Make an exact copy, from the records below, of the lines from the line containing "Селена Гомес Теперь" to the line containing "Ông Hồng Quang", both lines included, excluding pictures.

*Data shown*

<<<<

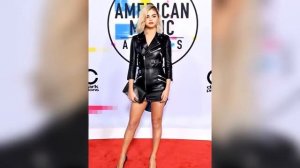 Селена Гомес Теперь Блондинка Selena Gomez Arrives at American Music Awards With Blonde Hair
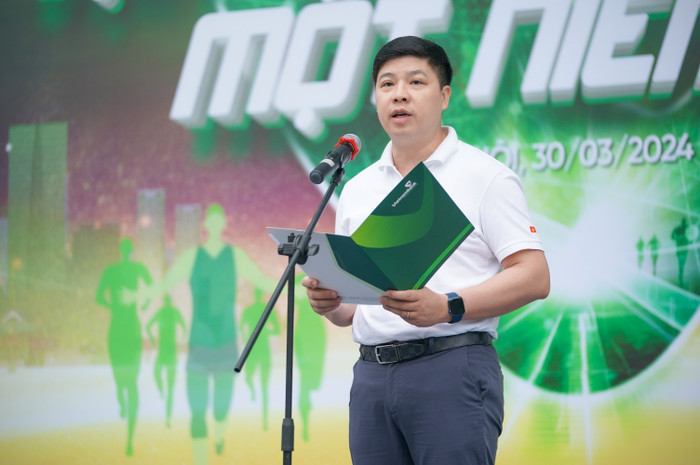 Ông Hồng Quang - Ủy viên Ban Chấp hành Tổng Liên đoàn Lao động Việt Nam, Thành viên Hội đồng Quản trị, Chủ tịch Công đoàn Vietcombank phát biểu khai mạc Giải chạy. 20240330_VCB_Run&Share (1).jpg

>>>>
<<<<

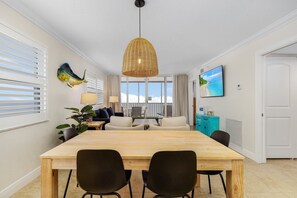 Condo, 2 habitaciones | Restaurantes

>>>>

*Solved exercise*
 Селена Гомес Теперь Блондинка Selena Gomez Arrives at American Music Awards With Blonde Hair
 Ông Hồng Quang - Ủy viên Ban Chấp hành Tổng Liên đoàn Lao động Việt Nam, Thành viên Hội đồng Quản trị, Chủ tịch Công đoàn Vietcombank phát biểu khai mạc Giải chạy. 20240330_VCB_Run&Share (1).jpg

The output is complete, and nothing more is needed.